Aus der Mitte der Gesellschaft heraus lässt sich die Politik verändern
Für manche lässt sich die faktische Gleichstellung daher überhaupt nicht durch Parteien verwirklichen. So sieht etwa die in Italien lebende Historikerin Leila El Houssi im Gespräch die gegenwärtigen Parteien eher als Orte, an denen sich das Patriarchat besonders hartnäckig hält: „Was will man von männlich dominierten Parteien erwarten?“. Die Tochter des bekannten tunesischen Intellektuellen Majid El Houssi hat sich aus historischer Perspektive eingehender mit der Frauenfrage in Tunesien beschäftigt und setzt ihre Hoffnungen für die Umsetzung von Geschlechtergerechtigkeit in das Engagement der Zivilgesellschaft: „Ich glaube an die Frauen in Tunesien.
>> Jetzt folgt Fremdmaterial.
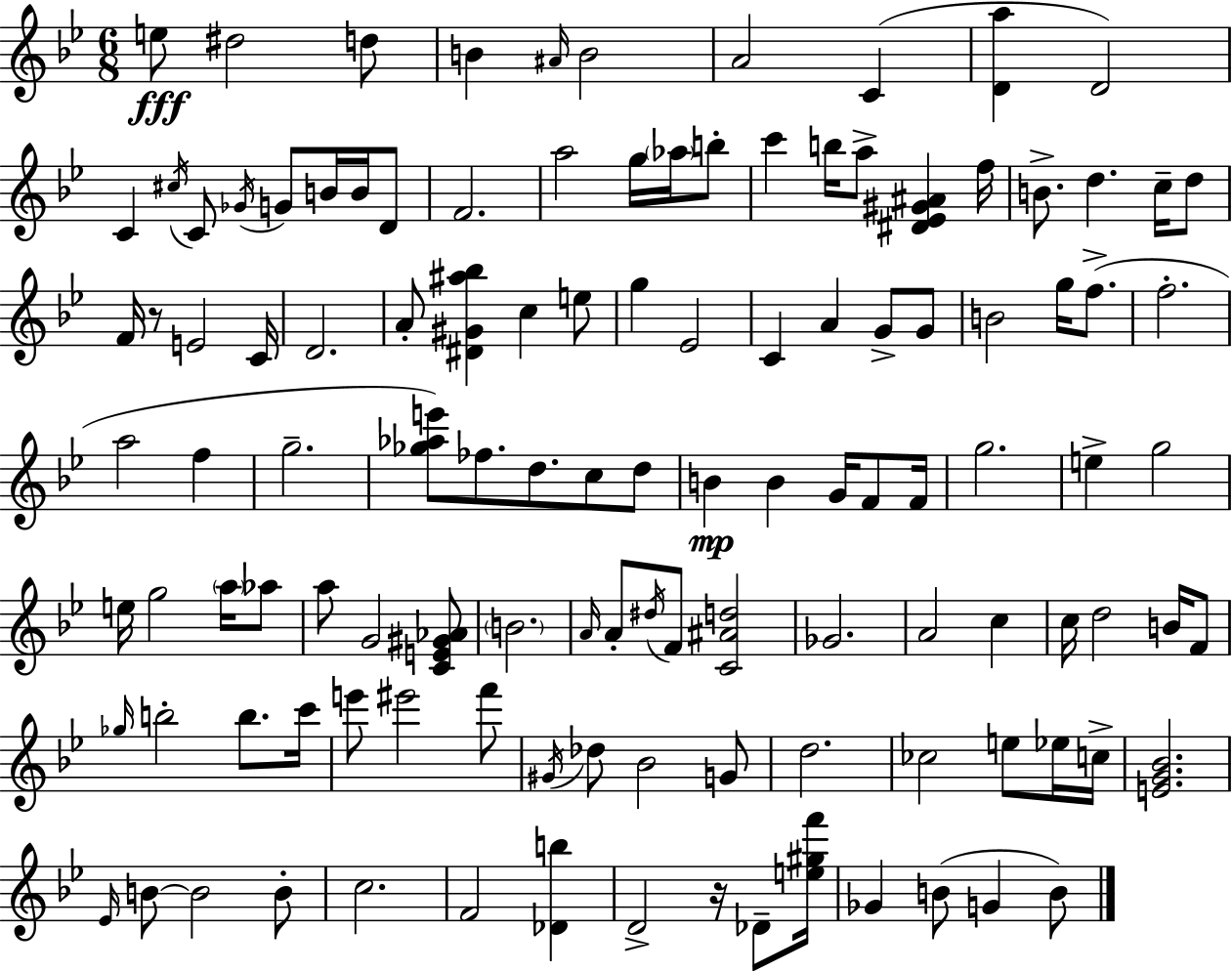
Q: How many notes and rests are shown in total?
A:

Die Revolte von 2011 hat gezeigt, dass sie sich nicht mehr instrumentalisieren oder mit Krümeln abspeisen lassen, sondern zu selbstbestimmten Protagonistinnen geworden sind und durchaus in der Lage, ihre Stimme zu erheben. Sie werden die Gesellschaft von innen heraus verändern und früher oder später auch die Politik“.
Die weibliche Unterrepräsentation in politischen Spitzenämtern zeigt sich auch bei der Kandidatur um das Präsidentenamt, das am 23. November zur Wahl steht. Unter 23 Bewerbern gibt es nur eine einzige Kandidatin. Bezeichnender Weise tritt die Richterin Kalthum Kennu für keine Partei an, sie geht als unabhängige Anwärterin ins Rennen. Auf diese Weise kann sie ihre Sache direkt vertreten: die Sache der tunesischen Frauen.